Plus ça va, plus je m'éloigne de la côte, et un peu avant Boulogne, je change de cap, direction l'Angleterre, et c'est parti pour une quinzaine de minutes de traversée car ce n'est pas le plus court, mais le plus pratique pour l'instant. Ma stratégie est de repérer les navires pour que, en cas de problème, je puisse amerrir proche de l'un d'entre eux afin d'être repéré rapidement. D'après ce que j'ai pu lire sur la question, l'eau reste toujours très froide et peut entraîner une hypothermie très rapidement, en quelques dizaines de minutes, voire plus vite si on se met à nager ou à bouger, donc le temps que les secours arrivent, il est préférable qu'un navire nous voit plutôt que de passer la journée dans l'eau. Mais bon, tout s'est bien passé, on est resté à 4000ft pendant quasiment toute la traversée, et le moteur n'a pas bronché (on ne lui a pas dit qu'on était au-dessus de l'eau) !

La côte Britannique

Arrivée en vue de la côte, on a contacté London Information, et on a commencé à descendre à 3000ft, altitude que je voulais prendre pour ensuite longer la M20 de la côte jusqu'à Rochester. Claude a dit bonjour à la radio, mais la réponse n'était pas celle qu'il attendait. La contrôleure a répondue "Please say your full callsign, your destination and the number of persons on board", ce qui a totalement destabilisé Claude, qui n'a pas su quoi dire et m'a redonné la main pour répondre. J'ai donc fait la radio à partir de là. Et c'est vrai que ça n'était pas forcément évident, quand on vient pour la première fois.

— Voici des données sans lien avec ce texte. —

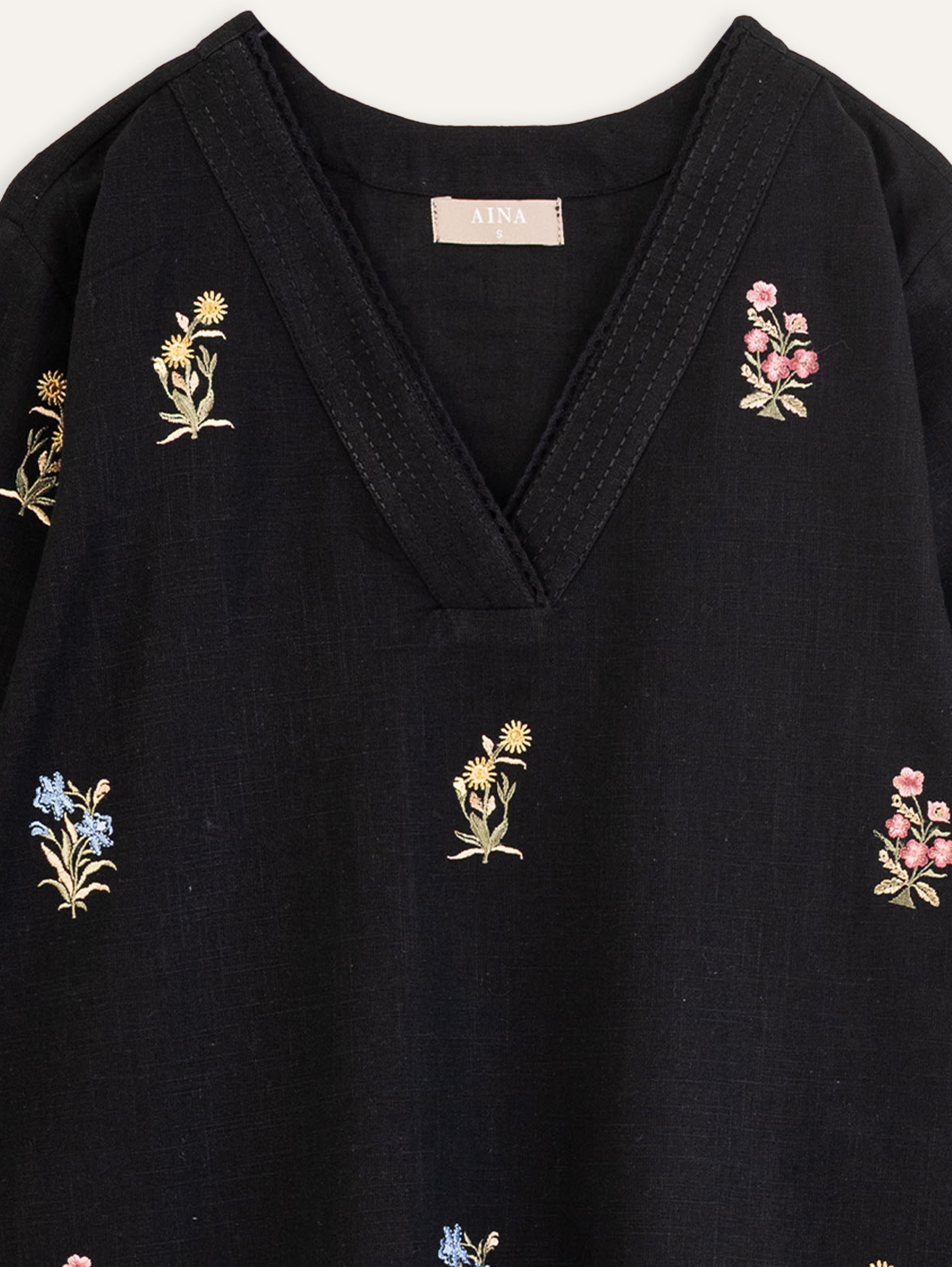 Rakshitha Cotton Flax Embroidered A-Line Kurta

On a contacté London Information, qui nous a ensuite transmis à Farnborough Radar, qui a d'abord refusé de me donner des infos radars car j'étais en limite de zone, puis, après négociation, a bien voulu m'indiquer que 2 appareils étaient dans la zone, notamment un hélicoptère que je voyais à ma droite et un autre appareil en face à gauche. En même temps, la brume était assez dense pour former des nuages qui avaient une base autour de 2000ft, et mon altitude a baissé à 1800ft, proche de mon altitude sécu, sans l'atteindre, on était quand même en toute sécurité.

Arrivé proche de l'aéroport de Rochester, j'ai donc basculé sur leur fréquence et ai pris contact avec l'AFIS, qui m'a dit de faire une verticale, mais je lui ai dit que je pourrai pas, vu les nuages, donc il m'a dit de faire une approche vers le Dead Side. Je n'avais jamais entendu cette expression, et je lui ai demandé de l'expliquer : comme les tours de piste se font à l'ouest, le Dead Side est à l'est. OK, approche à 1500ft, verticale à 1500ft avec un avion au décollage et un bon visuel, on est arrivé en vent arrière à 1500ft, et là, c'était quand même plus calme, le reste du tour de piste était standard, 1000ft/sol, et un bel atterrissage sur une piste en herbe.

L'agent AFIS nous a ensuite très gentiment guidé pour aller à la pompe, entre les différents taxiways et des rangées de Cessna qui doivent servir à l'écolage. On a ensuite distingué 2 DR-400 près de la pompe, immatriculé en Golf (GB), et on s'est garé à la pompe. 2 personnes sont venues nous servir, et ils nous ont même dit qu'on pouvait y aller, ils s'occuperaient de garer l'avion pour nous !!!

Sur place à Rochester, il n'y a pas grand chose : un café à l'anglaise où on peut manger un Cottage pie (hachis parmentier) pour £5 et une école de pilotage qui fait boutique aéro de dépannage où j'ai pu en profiter pour acheter une carte aéro du sud de l'Angleterre.

Rochester Airport

On a aussi payé la taxe d'atterrissage (£13)  et l'essence (£1.60 le litre) avant de repartir assez vite car le voyage est loin d'être terminé et ce qui nous attend est plutôt intéressant.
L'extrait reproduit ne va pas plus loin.